Willem Frederik Hermans (1921-1995) está considerado junto a Gerard Reve y Harry Mulisch, uno de los Tres Grandes (De Grote Drie) escritores de la literatura neerlandesa de la posguerra. En España se publicaron, en Tusquets, a comienzos del siglo XXI dos novelas suyas, El cuarto oscuro de Damócles (1958) y No dormir nunca más (1966). Gatopardo Ediciones publicaría en 2019 con traducción de Catalina Ginard Féron, La casa intacta, novela escrita cinco después de finalizar la Segunda Guerra Mundial.

El credo de Hermans consistía según sus propias palabras en un “Nihilismo creativo, compasión agresiva, total misantropía”. Tratándose de un escritor que crece de forma orgánica, en palabras de Cees Nooteboom, autor del epílogo, que se convierte en una parte inalienable del paisaje literario de su país, me sorprende, habida cuenta la calidad literaria de esta nouvelle, el escaso eco que ha tenido su obra por estas latitudes.

Al hilo de la total misantropía a la que se refiere Hermans, podemos ligarla con la falta de sentido (también de empatía y compasión) que el autor le encuentra a todo. A una guerra todavía menos. La guerra supone llevar la naturaleza humana a sus límites, ensimismada en una vorágine de violencia, crueldad y destrucción sin parangón. Una guerra que mueve sus ejércitos pero que en última instancia precisa de cada uno de sus soldados y de las acciones de estos para crear y mantener estos escenarios tan bélicos como dantescos, porque son los solados los que violan, matan, saquean y destruyen.

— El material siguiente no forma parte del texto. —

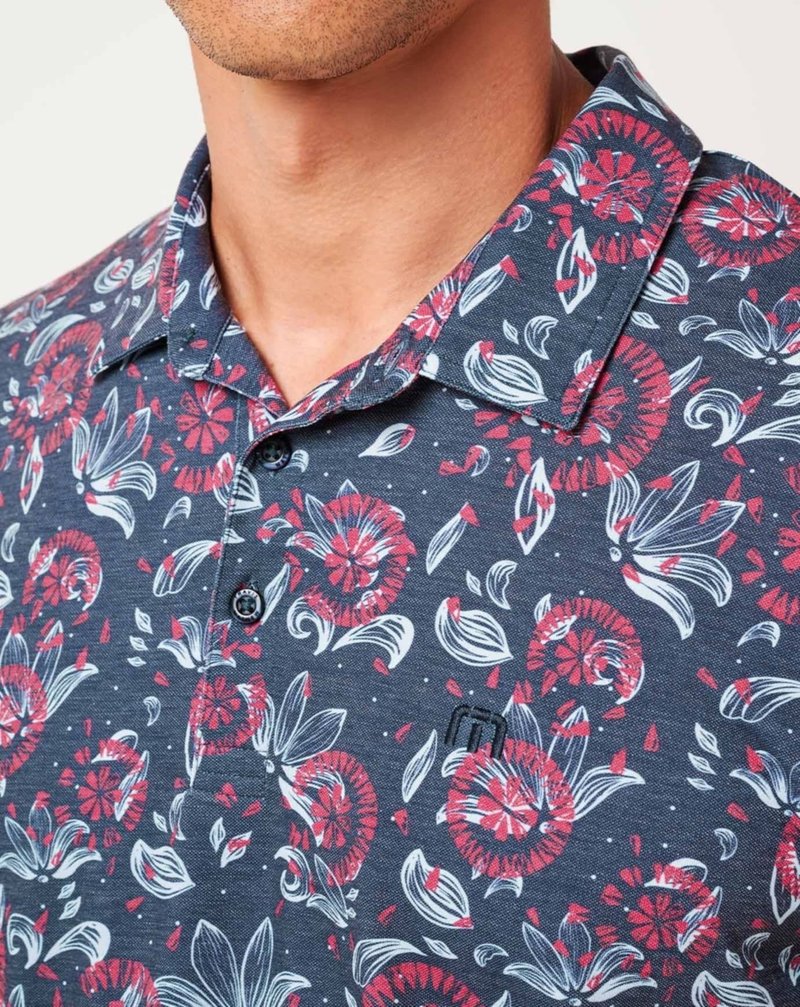 Travis Mathew FEATHERWEIGHT FLOURISH męskie polo, mood indigo/vintage indigo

Leyendo la novela pensaba en Mi pequeña guerra, libro de Louis Paul Boon (Ed. De conatus) que suponía a su vez una aguda reflexión sobre el sinsentido de la guerra. Aquí tenemos a un partisano batallando, se supone, por la Europa Central que se segregará de sus compañeros para acabar en una aldea vacía, en la que parece que sus vecinos han salido a la carrera. Merodean cerca las tropas alemanas. En la casa el protagonista, que narra lo que ve y siente en primera persona, dice que la guerra no existe. A fin de cuentas, piensa, todos morimos, y la guerra solo sirve para acelerar este desenlace inevitable. Este memento mori le hace al narrador moverse de manera despiadada, cometer actos viles y atroces, no se sustrae a matar, a robar, a mentir, y a su vez parece que todo le diera igual. Nacer y morir vienen a ser lo mismo, las dos caras de una moneda acuñada por la fatalidad.

Se habla de la crueldad de la novela y es cierto que está presente, de una manera inopinada y brutal. Ahora ando leyendo Edén, Edén, Edén de Pierre Guyotat (Ed. Malas Tierras; Traducción de Rubén Martín Giráldez) y puestos a comparar una y otra, si La casa intacta es cruel y sádica, la de Guyotat es infinitamente más salvaje y estomagante, una náusea permanente.

Gatopardo Ediciones. 2019. Traducción de Catalina Ginard Féron. Epílogo de Cees Nooteboom.